I understand and agree TOTALLY on the ban... However, this is too extreme for me...

http://blogs.courierpostonline.com/fishhead/tag/banned-snakehead/


----------



## Cory (May 2, 2008)

There's a great nat geo documentary about invading snakeheads specifically on the potomaic (or whatever that big historical US river is called lol). It's called Fishzilla and it really makes you understand the risk these buggers pose. I always shudder when I hear people are still keeping these in the city. There are so few people who can house them properly and keep up their requirements that Im certain most end up either killed or released anyways. 

I also saw one on Asian carp but I can't remember the name. I think that one is on youtube. Not as ferocious but as an invader just as dangerous. 

Here's to hoping everyone is being responsible.


----------



## Ciddian (Mar 15, 2006)

Bebu said:


> I understand and agree TOTALLY on the ban... However, this is too extreme for me...
> 
> http://blogs.courierpostonline.com/fishhead/tag/banned-snakehead/


That is a shame that its a close pet, however I am wondering why everyone even found out about it? I am wondering if he was posting about it online when really he should have chose to keep that private if that fish did matter that much.

It looks weird btw.. do snake heads look like that after 10 years? I thought it would have been bigger.


----------



## KhuliLoachFan (Mar 8, 2008)

Conscientious knowledgeable fishkeepers are not the problem.

Noobs who want a pretty fish, and then dump it out into a native body of water when it gets too big for them, can be considered at fault. They are not fish-keeping hobbyists at all, but rather ignorant and thoughtless human beings.

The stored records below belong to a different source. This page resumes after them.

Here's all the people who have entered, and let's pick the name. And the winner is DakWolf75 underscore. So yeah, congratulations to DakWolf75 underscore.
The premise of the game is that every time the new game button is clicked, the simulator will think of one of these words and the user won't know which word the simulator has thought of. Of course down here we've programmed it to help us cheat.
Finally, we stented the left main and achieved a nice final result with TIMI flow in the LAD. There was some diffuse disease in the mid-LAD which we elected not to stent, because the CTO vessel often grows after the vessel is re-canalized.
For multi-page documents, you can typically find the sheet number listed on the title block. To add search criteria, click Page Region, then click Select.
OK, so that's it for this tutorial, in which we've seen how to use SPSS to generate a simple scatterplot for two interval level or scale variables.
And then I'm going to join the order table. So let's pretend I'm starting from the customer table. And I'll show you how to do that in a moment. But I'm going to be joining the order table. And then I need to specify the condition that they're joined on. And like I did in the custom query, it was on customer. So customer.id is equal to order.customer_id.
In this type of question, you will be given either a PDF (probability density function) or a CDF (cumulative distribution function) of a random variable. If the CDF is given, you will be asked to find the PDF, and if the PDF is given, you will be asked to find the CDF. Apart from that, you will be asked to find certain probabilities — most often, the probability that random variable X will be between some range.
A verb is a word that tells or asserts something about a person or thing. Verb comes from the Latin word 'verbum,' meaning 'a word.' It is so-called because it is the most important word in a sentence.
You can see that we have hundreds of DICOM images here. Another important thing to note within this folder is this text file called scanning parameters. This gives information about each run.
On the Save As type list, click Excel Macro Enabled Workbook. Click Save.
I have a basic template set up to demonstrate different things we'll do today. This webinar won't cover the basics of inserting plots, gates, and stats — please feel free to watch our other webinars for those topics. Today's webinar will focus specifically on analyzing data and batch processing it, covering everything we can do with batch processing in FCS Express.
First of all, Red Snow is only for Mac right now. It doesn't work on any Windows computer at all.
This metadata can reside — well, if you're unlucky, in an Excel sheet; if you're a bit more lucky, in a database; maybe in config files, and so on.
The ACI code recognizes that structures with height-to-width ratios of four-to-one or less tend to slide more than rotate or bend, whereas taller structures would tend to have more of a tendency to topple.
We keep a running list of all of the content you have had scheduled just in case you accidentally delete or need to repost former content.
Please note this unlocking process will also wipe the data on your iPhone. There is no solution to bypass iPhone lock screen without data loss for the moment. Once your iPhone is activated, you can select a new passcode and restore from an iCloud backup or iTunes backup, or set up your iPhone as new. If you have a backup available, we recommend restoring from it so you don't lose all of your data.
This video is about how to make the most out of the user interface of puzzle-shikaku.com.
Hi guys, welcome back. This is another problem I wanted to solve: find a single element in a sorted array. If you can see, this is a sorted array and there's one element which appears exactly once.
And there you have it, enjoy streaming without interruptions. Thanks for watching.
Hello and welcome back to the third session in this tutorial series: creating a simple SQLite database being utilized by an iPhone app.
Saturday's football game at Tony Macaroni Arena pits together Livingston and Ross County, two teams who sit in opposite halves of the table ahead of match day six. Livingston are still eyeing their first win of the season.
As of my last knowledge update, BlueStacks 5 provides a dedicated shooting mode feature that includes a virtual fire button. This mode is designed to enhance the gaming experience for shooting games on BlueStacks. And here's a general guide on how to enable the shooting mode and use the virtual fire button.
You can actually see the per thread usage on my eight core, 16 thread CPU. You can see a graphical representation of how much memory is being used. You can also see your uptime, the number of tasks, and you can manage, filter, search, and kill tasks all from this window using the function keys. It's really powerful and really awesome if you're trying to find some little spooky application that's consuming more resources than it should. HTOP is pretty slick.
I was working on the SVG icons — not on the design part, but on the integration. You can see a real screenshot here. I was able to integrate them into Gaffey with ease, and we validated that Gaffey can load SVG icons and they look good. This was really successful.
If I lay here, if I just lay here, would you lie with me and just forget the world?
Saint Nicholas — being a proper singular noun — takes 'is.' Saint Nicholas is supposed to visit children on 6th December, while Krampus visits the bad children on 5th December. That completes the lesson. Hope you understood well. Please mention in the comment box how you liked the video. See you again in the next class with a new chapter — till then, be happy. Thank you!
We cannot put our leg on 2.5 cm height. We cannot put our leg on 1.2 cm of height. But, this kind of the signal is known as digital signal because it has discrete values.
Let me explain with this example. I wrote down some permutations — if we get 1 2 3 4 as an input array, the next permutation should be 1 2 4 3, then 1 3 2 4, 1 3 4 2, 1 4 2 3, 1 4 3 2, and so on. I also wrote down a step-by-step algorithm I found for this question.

The second cause for these ignorant and thoughtless human beings having these fish in their possession long enough to cause harm to the environment, is that the retail industry WAS not at one time, very good at policing itself. The pendulum has now swung so far the other way, that we will find the best aquarium stores have trouble keeping up with the new draconian laws.

That's government for you. First, make it easy for the early players to make a real mess (in the 1950s-1990s), and then legislate the rest of the industry into its grave with draconian laws that can't be reasonably followed while staying profitable and in business. And it's not just business owners that suffer. When the businesses close, the Hobbyists will feel the pain.

Imagine if something bad happened, that shut down Menagerie. You and me, and everybody else would be upset. Not just Harold. Hi Harold. 

W


----------



## Guest (Jun 9, 2010)

KhuliLoachFan said:


> Imagine if something bad happened, that shut down Menagerie. You and me, and everybody else would be upset. Not just Harold. Hi Harold.
> 
> W


ha ha ha .... old building could do it!! or all those giant snakeheads, alligators and monkeys we have in the basement. 

We get a visit by the MNR once every couple of months to make sure we are being good


----------



## szar (Apr 8, 2010)

Ohh please, SH have a snow balls chance in hell of taking over.

"The northern snakehead can survive four days out of water, thanks to a primitive lung above its gills. AND IT “WALKS” ON LAND! "

^lol 

Actually the already proven suspect were/are fish meat markets. The people were hoping the SH breed in the wild so they can catch them and sale their meat as it is a delicacy in some cultures and can fetch a nice price. 

Also there are plenty snake heads that are tropical and could never survive Canadians winters, WTF can't i buy then in stores.

Its pretty sad people are so ignorant these days that they can't be trusted with the sale and keep of certain fish or dog. Our future is bleak.


----------



## Joeee (Apr 3, 2010)

The sea lamprey on that site is disgusting, I want them all dead.


----------



## Cory (May 2, 2008)

Joeee said:


> The sea lamprey on that site is disgusting, I want them all dead.


lol 

Ihatelampreys.com


----------